Hallucinations usually appear when the AI tries to invent content. Constrain the AI to extract exact phrases from the post. Avoid rewriting. If the post is short, there is less text to extract, so watch for empty or trivial lines. If the user content has many greetings, the extracted line may still be unhelpful. Consider fallback to the user’s own subject line in those edge cases.
Why might a reward model still produce wrong predictions?
Click behavior is complex. Preferences can vary by time, topic, or user demographics. A single global model might miss nuance. The training set may be imbalanced. Random noise in small-sample experiments could distort the model’s decisions. External factors like trending news or holidays can shift user engagement patterns. Regular monitoring and retraining mitigate these issues.
How would you personalize subject lines for different user segments?
Maintain a feature vector that includes user location, topic preferences, or past click data. Train a more advanced reward model that accounts for these features. Generate multiple candidate subject lines, then pick the best per user segment. Manage cost by caching frequently repeated content. Use a small fraction of traffic for exploration to learn more about user segment preferences.
How would you handle the cold-start problem for new posts with no historical data?
Use the generator to produce a subject line. Fall back to the user-generated line if uncertain. Gradually gather click data with a small user test group. As soon as enough feedback arrives, the reward model can decide which line to show. You can initialize the reward model with general text features, or incorporate external signals like content length or presence of images to guide early decisions.

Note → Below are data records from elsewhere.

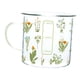 thumbnail image 2 of Vaso Grande De Vidrio Transparente Impreso De Gran Capacidad Para Té, Avena, Bebida Caliente, 360 Ml, 2 of 5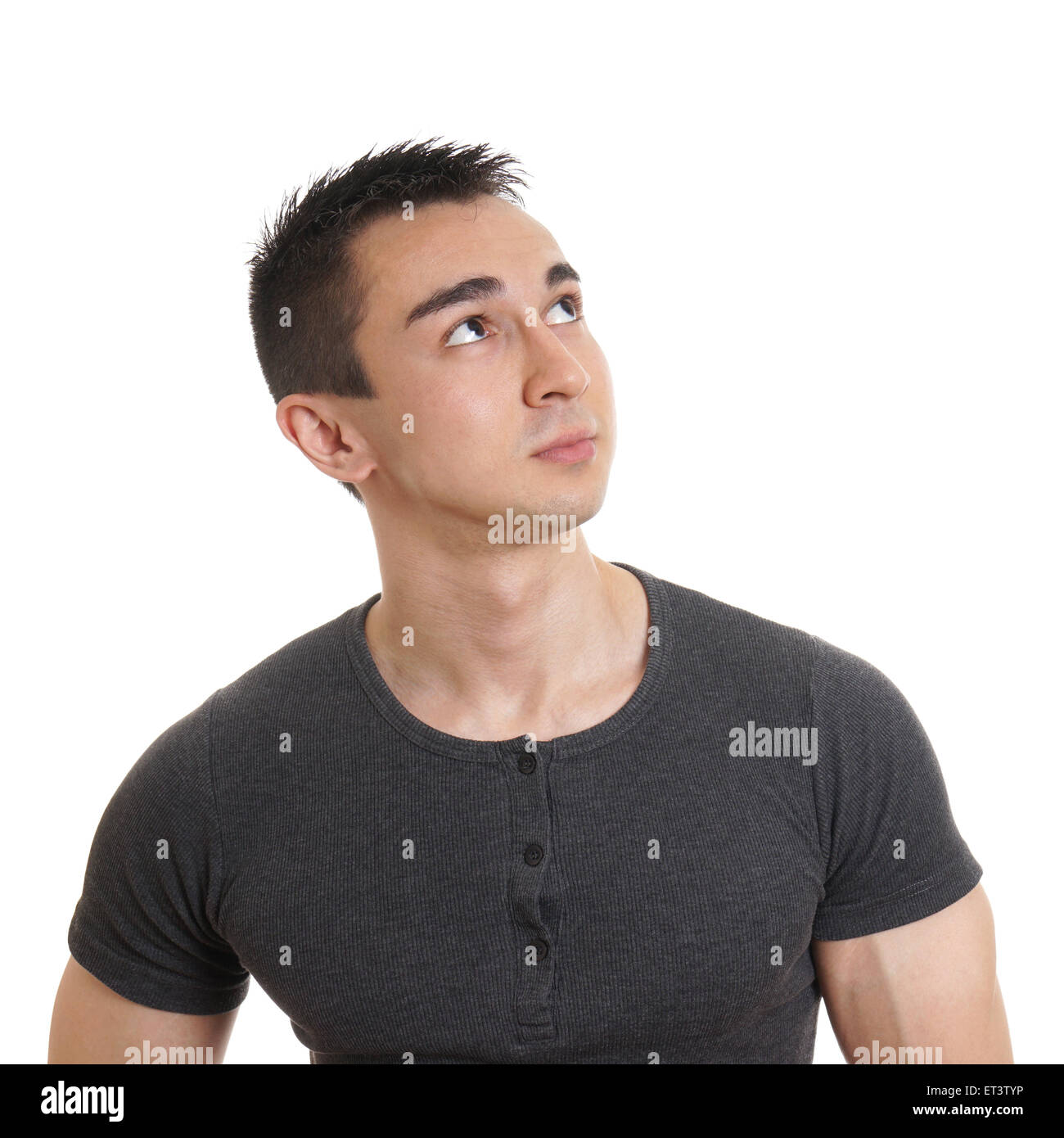 Jeune homme contemplative Banque D'Images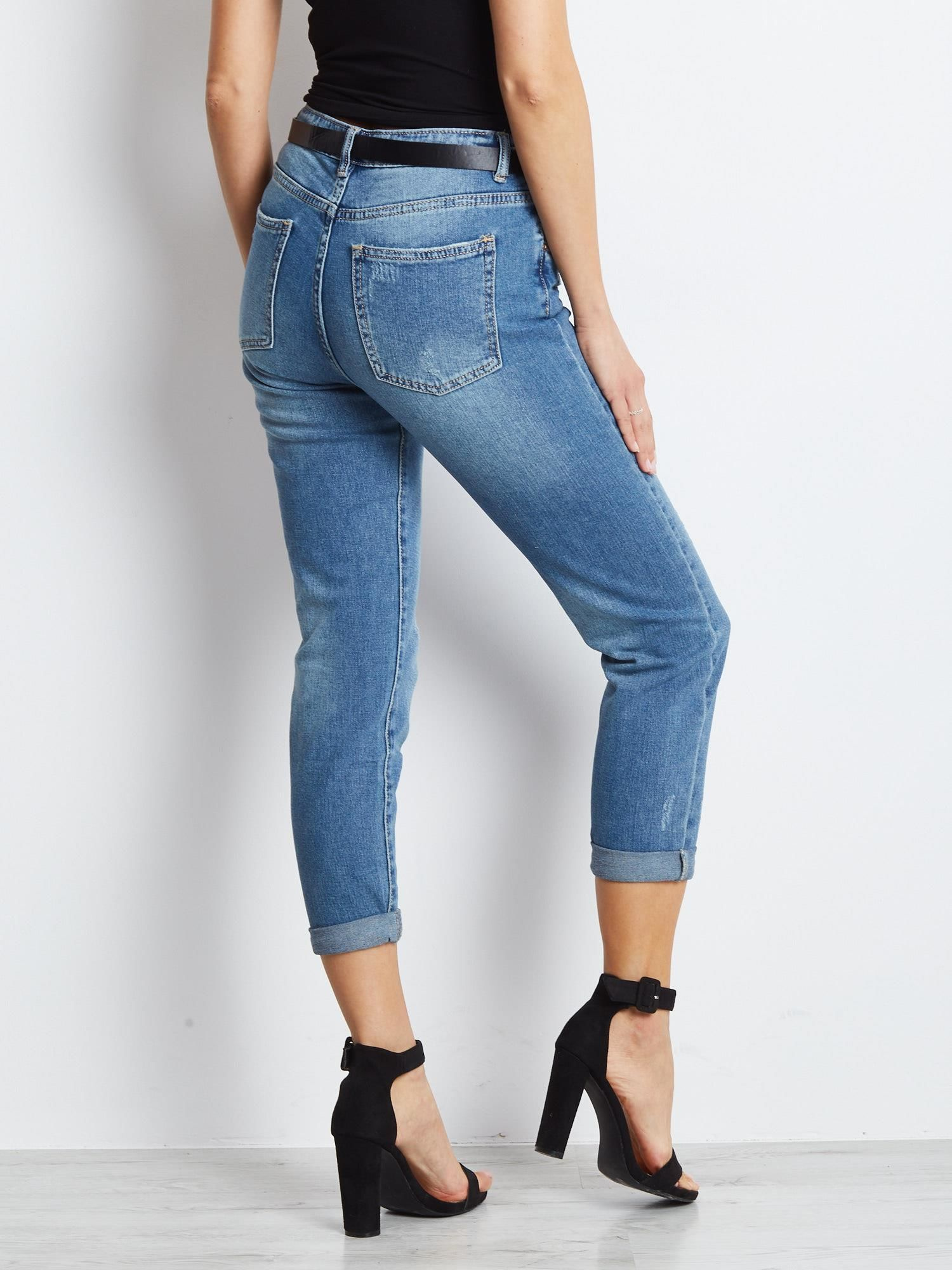 Spodnie jeans Niebieski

What if the system inadvertently creates misleading or spam-like subject lines?
Introduce an additional filter that flags potential spam indicators (excessive punctuation, marketing keywords). Post-process the AI-generated line before the reward model step. If flagged, revert to the user’s line. Periodically review a sample of final subject lines to ensure authenticity. Include automated checks for policy violations if the platform has stricter spam rules.